The ADAPTIVEREG Procedure (Experimental)

PROC ADAPTIVEREG Statement

PROC ADAPTIVEREG <options> ;

The PROC ADAPTIVEREG statement invokes the procedure.

Table 24.1 summarizes the options available in the PROC ADAPTIVEREG statement.

Table 24.1: PROC ADAPTIVEREG Statement Options

Option

Description

Data Set Options

DATA=

Specifies the input SAS data set

TESTDATA=

Names a data set that contains test data

VALDATA=

Names a data set that contains validation data

Computational Options

NLOPTIONS

Sets optimization parameters for fitting generalized linear models

SINGULAR=

Sets the singularity tolerance

Display Options

NAMELEN=

Sets the length of effect names in tables and output data sets

PLOTS=

Controls plots produced through ODS Graphics

DETAILS=

Displays detailed modeling information

Other Options

NOTHREADS

Requests the computation in single-threaded mode

OUTDESIGN=

Requests a data set that contains the design matrix

SEED=

Sets the seed used for pseudo-random number generation

THREADS=

Specifies the number of threads for the computation


You can specify the following options.

DATA=SAS-data-set

specifies the SAS data set to be read by PROC ADAPTIVEREG. If you do not specify the DATA= option, PROC ADAPTIVEREG uses the most recently created SAS data set.

DETAILS<=(detail-options)>

requests detailed model fitting information. You can specify the following detail-options:

BASES

displays the Bases Information table.

BWDSUMMARY

displays the Backward Selection Summary table.

FWDSUMMARY

displays the Forward Selection Summary table.

FWDPARAMS

displays the Forward Selection Parameter Estimates table.

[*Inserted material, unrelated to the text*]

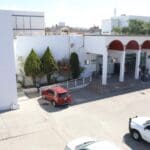 WhatsApp Image 2023 12 25 at 12.13.03 PM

If you do not specify a detail-option, PROC ADAPTIVEREG produces all the preceding tables by default.

NAMELEN=number

specifies the length to which long effect names are shortened. The default and minimum value is 20.

NLOPTIONS(options)

specifies options for the nonlinear optimization methods if you are applying the multivariate adaptive regression splines algorithm to generalized linear models. You can specify the following options:

ABSCONV=r
ABSTOL=r

specifies an absolute function convergence criterion by which minimization stops when $f(\bpsi ^{(k)}) \leq r $, where $\bpsi $ is the vector of parameters in the optimization and $f(\cdot )$ is the objective function. The default value of r is the negative square root of the largest double-precision value, which serves only as a protection against overflows.

ABSFCONV=r
ABSFTOL=r

specifies an absolute function difference convergence criterion. For all techniques except NMSIMP, termination requires a small change of the function value in successive iterations,

\[  |f(\bpsi ^{(k-1)}) - f(\bpsi ^{(k)})| \leq r  \]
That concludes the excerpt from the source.